## TASK INSTRUCTIONS:
How many lines in the records below contain the word "Medical"? Reply with that number only.

#### PROVIDED DATA ####

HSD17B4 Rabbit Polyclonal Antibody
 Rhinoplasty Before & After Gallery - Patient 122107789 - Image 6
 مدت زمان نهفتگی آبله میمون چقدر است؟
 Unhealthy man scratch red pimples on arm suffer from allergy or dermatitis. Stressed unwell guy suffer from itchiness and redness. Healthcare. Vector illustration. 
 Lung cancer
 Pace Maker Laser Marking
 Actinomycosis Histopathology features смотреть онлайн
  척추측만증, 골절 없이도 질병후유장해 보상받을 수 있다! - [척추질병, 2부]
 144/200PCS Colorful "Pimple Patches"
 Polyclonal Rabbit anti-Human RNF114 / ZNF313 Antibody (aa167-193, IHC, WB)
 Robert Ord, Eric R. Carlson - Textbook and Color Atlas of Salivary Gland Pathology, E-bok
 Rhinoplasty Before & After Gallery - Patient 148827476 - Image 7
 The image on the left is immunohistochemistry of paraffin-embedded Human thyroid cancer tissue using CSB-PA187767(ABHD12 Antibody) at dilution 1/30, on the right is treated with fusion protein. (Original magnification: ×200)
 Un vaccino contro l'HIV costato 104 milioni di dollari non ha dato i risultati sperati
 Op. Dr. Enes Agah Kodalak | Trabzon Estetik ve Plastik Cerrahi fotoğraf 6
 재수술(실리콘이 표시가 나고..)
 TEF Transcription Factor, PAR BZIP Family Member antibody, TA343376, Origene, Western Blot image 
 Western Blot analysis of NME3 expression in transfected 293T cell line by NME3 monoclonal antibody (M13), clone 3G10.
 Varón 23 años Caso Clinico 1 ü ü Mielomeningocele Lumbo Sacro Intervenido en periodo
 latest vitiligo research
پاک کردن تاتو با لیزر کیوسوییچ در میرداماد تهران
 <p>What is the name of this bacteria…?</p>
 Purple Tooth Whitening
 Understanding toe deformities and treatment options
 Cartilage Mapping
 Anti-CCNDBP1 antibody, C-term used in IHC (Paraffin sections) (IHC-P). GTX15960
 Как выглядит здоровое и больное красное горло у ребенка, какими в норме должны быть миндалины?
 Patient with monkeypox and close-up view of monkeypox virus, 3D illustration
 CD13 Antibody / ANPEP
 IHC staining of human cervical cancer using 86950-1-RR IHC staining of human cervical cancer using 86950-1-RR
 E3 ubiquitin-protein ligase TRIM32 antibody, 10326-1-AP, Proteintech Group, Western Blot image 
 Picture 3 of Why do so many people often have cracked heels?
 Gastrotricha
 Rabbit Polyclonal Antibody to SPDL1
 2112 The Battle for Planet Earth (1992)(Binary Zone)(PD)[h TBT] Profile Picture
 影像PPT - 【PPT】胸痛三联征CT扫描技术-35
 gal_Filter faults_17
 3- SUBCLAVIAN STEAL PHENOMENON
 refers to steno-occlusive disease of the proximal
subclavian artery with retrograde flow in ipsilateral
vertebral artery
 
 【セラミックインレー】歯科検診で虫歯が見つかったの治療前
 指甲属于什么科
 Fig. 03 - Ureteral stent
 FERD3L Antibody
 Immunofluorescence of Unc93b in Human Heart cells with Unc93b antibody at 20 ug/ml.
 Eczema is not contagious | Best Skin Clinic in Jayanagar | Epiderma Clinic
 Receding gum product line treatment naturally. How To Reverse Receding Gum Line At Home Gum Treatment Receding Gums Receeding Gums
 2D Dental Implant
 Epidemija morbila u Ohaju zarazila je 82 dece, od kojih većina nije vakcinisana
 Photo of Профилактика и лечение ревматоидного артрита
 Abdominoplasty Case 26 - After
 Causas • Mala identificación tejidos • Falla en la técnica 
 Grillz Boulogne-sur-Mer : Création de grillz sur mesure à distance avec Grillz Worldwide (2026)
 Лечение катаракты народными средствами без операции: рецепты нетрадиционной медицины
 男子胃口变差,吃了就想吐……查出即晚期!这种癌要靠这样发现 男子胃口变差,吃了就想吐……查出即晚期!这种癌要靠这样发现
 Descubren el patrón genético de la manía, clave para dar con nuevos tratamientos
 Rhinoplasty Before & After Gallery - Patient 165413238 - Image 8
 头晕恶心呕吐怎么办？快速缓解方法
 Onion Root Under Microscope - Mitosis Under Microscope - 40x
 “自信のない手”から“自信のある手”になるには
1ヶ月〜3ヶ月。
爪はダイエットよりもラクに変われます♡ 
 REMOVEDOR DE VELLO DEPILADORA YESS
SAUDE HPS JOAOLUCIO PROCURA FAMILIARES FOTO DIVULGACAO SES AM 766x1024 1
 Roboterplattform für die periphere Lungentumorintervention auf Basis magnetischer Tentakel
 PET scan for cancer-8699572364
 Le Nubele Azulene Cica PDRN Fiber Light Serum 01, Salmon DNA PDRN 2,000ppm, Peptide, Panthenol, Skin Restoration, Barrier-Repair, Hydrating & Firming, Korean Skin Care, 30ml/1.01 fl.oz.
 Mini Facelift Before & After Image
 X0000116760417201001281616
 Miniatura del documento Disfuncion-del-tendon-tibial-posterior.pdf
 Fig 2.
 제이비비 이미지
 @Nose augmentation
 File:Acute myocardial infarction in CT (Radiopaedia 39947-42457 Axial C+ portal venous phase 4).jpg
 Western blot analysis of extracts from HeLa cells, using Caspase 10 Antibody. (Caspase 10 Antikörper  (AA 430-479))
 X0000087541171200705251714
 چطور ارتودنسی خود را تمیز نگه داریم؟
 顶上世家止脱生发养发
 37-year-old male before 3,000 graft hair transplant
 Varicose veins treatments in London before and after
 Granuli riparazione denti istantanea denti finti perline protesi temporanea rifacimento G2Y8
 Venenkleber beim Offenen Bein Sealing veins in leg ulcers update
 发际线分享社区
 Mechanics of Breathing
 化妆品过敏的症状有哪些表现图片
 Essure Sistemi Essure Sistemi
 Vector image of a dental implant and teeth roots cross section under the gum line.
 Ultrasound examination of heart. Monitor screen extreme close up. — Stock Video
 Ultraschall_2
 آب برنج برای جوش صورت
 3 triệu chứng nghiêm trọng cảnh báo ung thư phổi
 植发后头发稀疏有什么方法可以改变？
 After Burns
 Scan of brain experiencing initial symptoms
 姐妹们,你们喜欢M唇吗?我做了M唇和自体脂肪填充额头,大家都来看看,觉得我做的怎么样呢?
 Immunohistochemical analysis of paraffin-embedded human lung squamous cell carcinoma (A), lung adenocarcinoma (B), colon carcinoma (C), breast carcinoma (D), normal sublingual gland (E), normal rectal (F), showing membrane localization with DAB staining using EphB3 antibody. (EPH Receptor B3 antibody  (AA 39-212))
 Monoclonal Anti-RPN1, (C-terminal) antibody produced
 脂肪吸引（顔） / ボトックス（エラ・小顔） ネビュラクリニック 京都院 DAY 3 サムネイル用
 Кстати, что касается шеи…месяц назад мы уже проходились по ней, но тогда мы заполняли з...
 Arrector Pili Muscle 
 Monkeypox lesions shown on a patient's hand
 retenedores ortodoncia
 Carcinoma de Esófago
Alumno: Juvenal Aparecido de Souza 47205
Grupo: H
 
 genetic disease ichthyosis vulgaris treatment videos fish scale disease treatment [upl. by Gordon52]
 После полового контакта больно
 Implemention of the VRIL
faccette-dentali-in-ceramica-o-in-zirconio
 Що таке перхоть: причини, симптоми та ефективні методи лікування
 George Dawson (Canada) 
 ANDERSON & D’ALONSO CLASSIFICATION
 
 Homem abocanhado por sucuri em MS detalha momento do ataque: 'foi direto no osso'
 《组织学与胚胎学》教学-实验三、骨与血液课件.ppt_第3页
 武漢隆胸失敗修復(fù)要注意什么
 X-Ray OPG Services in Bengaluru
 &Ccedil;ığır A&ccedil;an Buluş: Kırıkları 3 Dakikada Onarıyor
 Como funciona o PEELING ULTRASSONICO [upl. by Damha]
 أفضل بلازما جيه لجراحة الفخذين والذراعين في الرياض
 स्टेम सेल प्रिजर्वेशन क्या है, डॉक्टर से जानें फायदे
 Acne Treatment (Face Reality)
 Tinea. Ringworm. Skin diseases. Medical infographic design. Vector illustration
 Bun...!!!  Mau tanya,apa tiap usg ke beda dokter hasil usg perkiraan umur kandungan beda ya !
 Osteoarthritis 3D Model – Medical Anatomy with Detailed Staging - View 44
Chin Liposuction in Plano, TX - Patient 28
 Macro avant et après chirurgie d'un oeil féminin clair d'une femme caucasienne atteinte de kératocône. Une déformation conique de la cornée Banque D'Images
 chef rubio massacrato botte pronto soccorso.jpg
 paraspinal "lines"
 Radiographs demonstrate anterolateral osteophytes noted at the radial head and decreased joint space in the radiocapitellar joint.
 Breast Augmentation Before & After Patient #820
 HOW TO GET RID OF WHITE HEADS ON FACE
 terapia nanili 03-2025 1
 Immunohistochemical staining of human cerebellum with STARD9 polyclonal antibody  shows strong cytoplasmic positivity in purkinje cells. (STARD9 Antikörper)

####

## EXERCISE ANSWER:
2